春来たれ
ひがし
正方形
煙草の煙が宙に紛れ、亡骸が器の中で山を作っている四畳半。
西から差す朱が顔焼く。
突如、獣の雄叫びで目を覚ます。
腹部にまで轟くそれは胃を病ます何かで。
人が人たる故に抱く欲求で。
その欲求に掻き立てられた裕人は一言。
「はらへった…」
徐に開けた扉の先には何も無く、渋々という顔をして扉を閉じた。
食料調達に向かうべく布団の前で横たわっている二年前に買ったであろうジャージに着替え、朱に染まった部屋を出る。
整える事を知らない髪と白く曇った眼鏡、昨日から変化のないシャツは裕人の心を映す鏡だ。

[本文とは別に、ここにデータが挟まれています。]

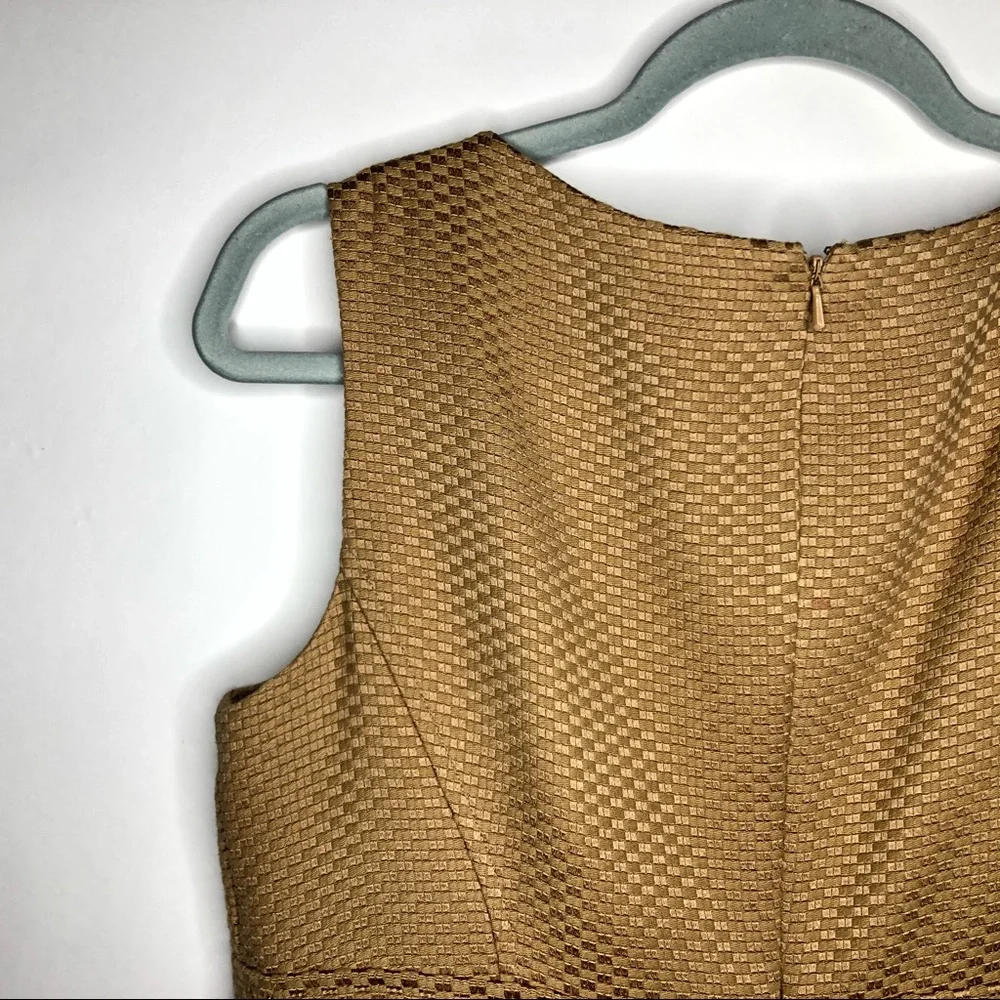 JONES NEW YORK sleeveless dress knee length gold 8 - Picture 6 of 8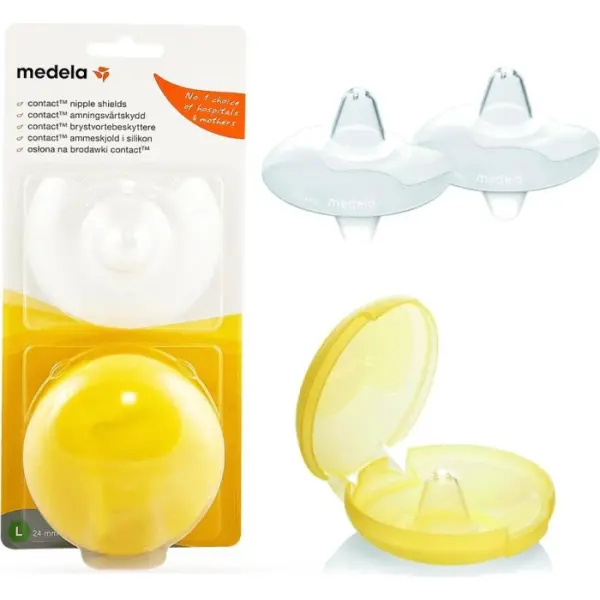MEDELA Nakładki silikonowe na brodawki CONTACT rozmiar S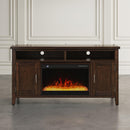 Jofran Urban Icon 2002-FP6032 Electric Fireplace Media Console - UI Merlot IMAGE 8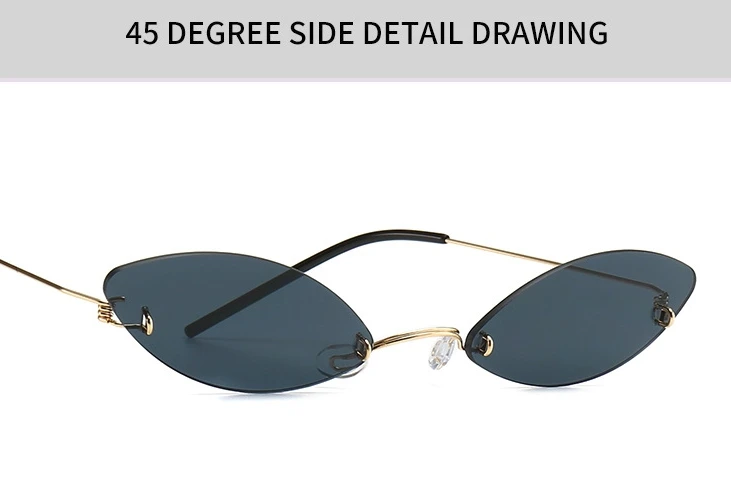 Серьги в форме маленького овального солнцезащитные очки «кошачий глаз» Для мужчин Для женщин Модные оттенки UV400 Винтаж очки 46086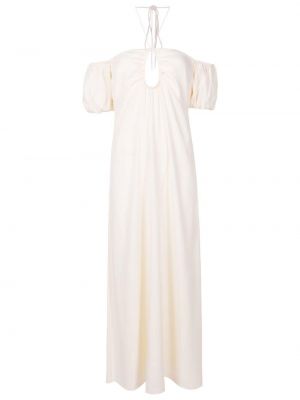Biała sukienka długa Nk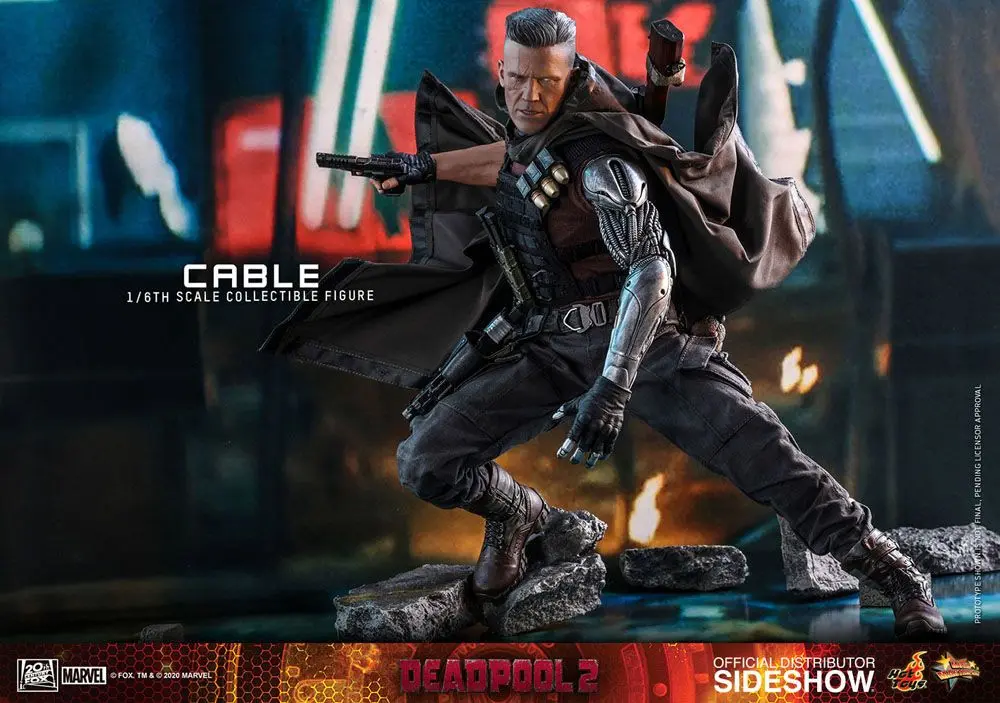 Deadpool 2 Movie Masterpiece Actionfigur 1/6 Cable 30 cm termékfotó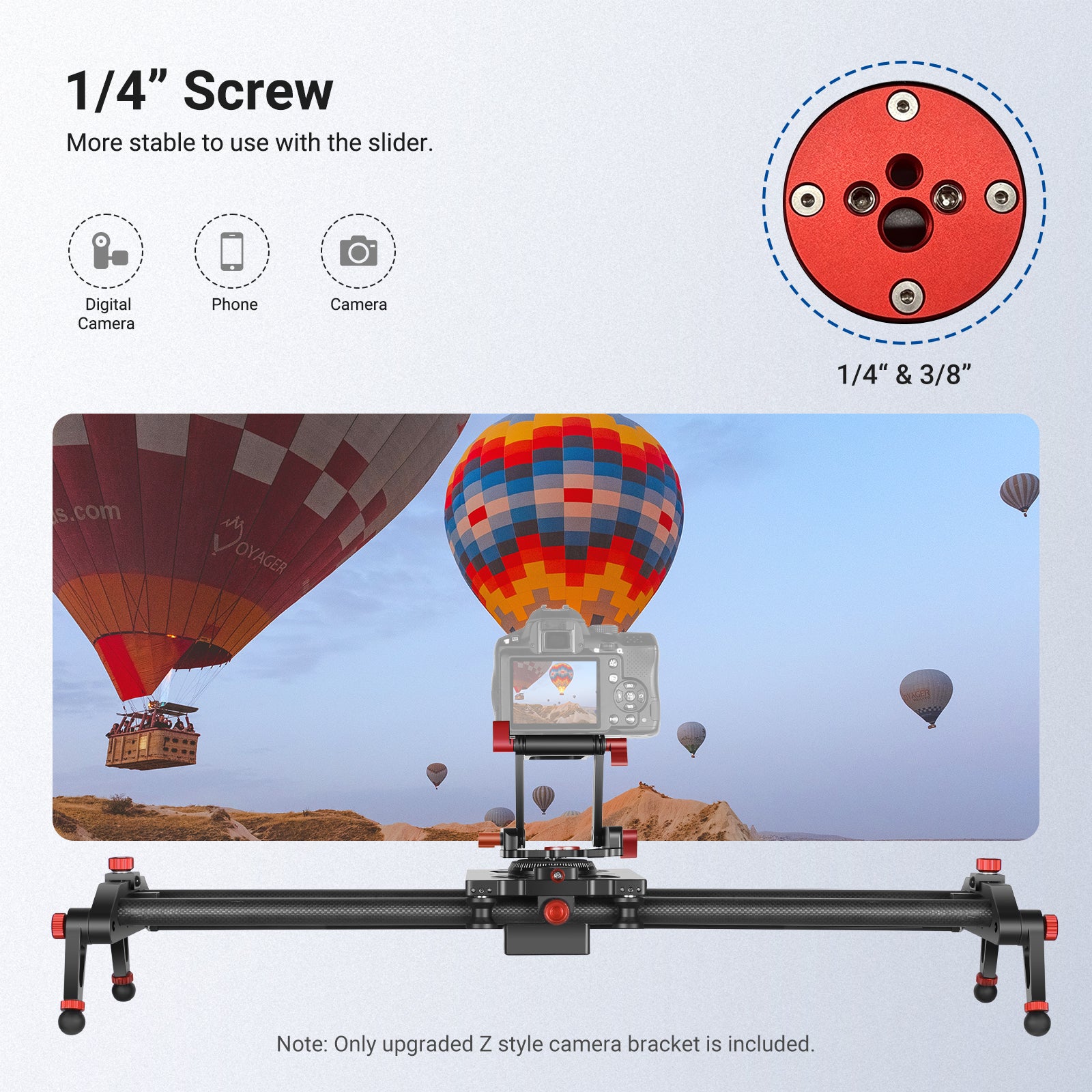 ね NEEWER Upgraded Z-Flex Tilt Tripod Head - NEEWER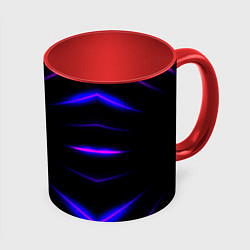 Кружка цветная Color black neon neon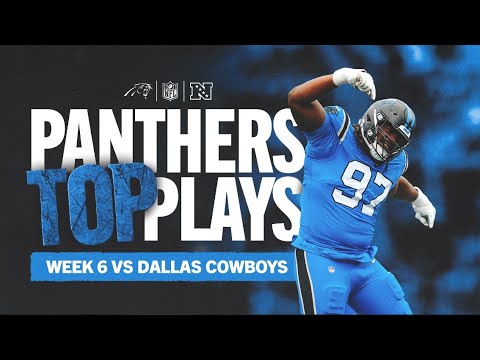 Panthers Top Plays vs. Cowboys | Week 6 | Carolina Panthers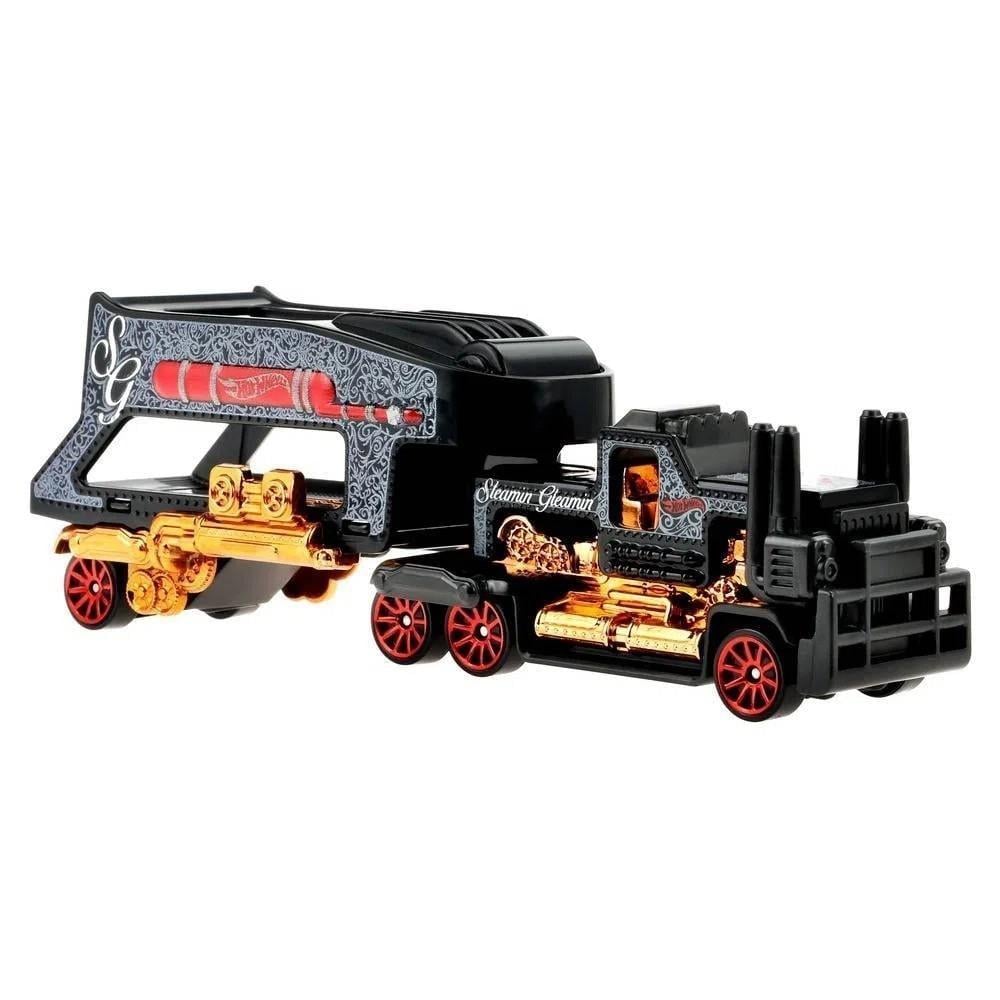 Вантажівка-трейлер Hot Wheels Steamin Gleamin BFM60-HFC94 (163576) Вантажівка-трейлер Hot Wheels Steamin Gleamin BFM60-HFC94 (163576)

空の紫や雲を染める朱は宛ら三年前の夜空に咲く華のようだ。
穏やかじゃない。気が滅入りそうだ。
心を烏に啄まれている気分になる。
いっそ全部食べてくれればいいのに。
ブラックコーヒーと焼肉弁当を手にレジへ向かった。
「セブンスターボックス二つ。」
同時に煙草も手に入れた裕人は少し安堵する。
店を出て真っ先に煙草を燻らせ、家路に着いた。部屋の中は仄暗く、煙草の匂いと男の臭いが踊っている。
食事を早々に済ませ煙を吐く。
布団とテーブルしかないこの正方形の部屋と裕人は、あれから三度目の夏を迎えた。